Today we remember Edmund James Peck, born in England in 1850, and died on this day in 1924 in Ottawa, Canada.
During his 74 years on earth Peck had many experiences. At age 10 his mother died and he had to go to work in a printing plant, three years later his father died, leaving him, his brother, and two sisters orphans. At 15 years he was in the British Royal Navy where he grew in his passion to evangelize his comrades. Ten years later he left the navy and enrolled with the Church Missionary Society in London to train as a missionary. In 1876 he responded to a request from the Anglican Bishop of Moosonee to go to Hudson’s Bay and the eastern Arctic to share the Gospel with the Cree and Inuit nations. On 3 February 1878 at Moose Factory he was ordained a priest at which Service he preached a sermon in the Cree language. In 1894 he helped found the first Anglican mission on Baffin Island.
A gifted linguist and a prolific author Peck became known amongst his peers as “the apostle of the Inuit.”
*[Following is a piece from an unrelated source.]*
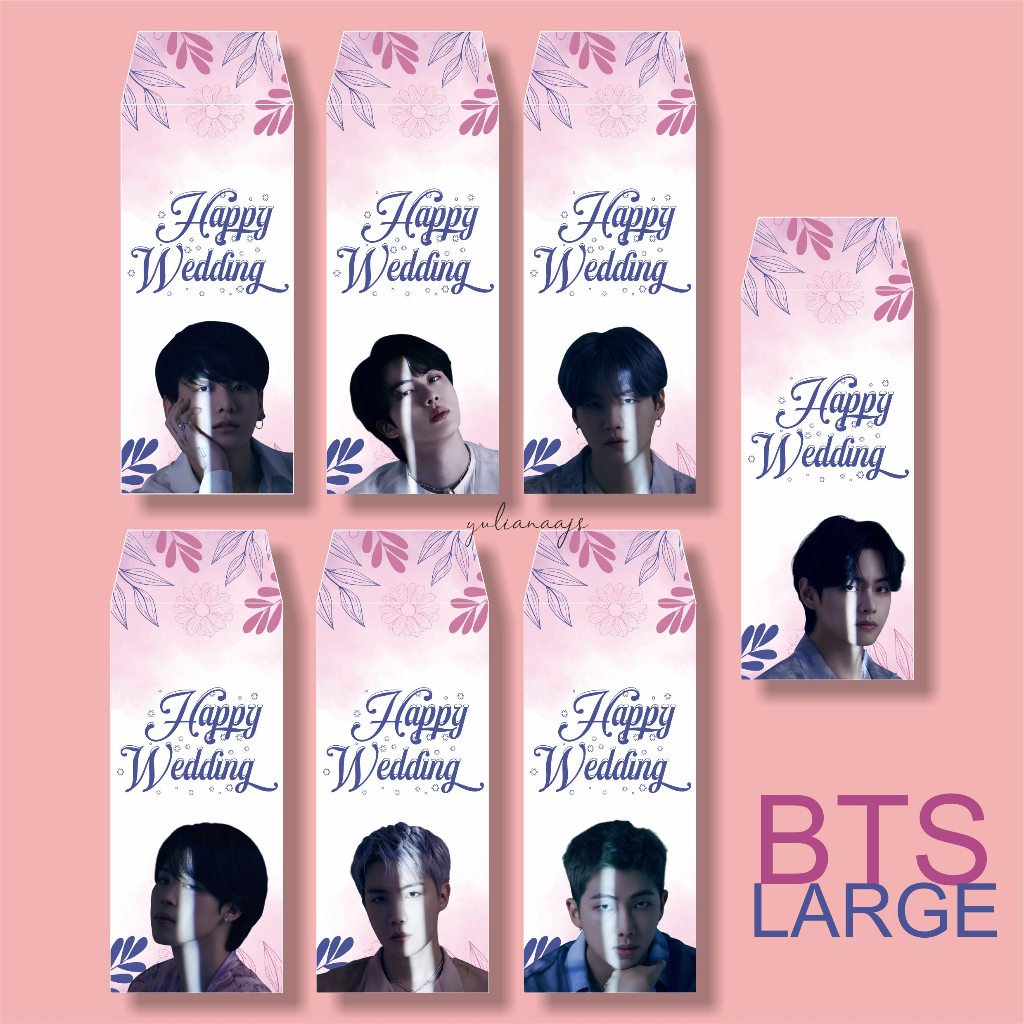 

ANGPAO WEDDING PANJANG CUSTOM KPOP / TEMPLATE/AMPLOP KONDANGAN BTS/AMPLOP WEDDING BTS/AMPLOP PERNIKAHAN BTS KPOP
Lord Jesus Christ, you have commissioned your Church to preach the Gospel to the whole creation, making disciples of all the nations: inspire us with your Holy Spirit and empower us by your presence that, following the example of your servant Edmund Peck, we may find eternal joy in the fulfilment of your good and perfect will; in the Name of the Father, Son, and Holy Spirit, one God, for ever and ever.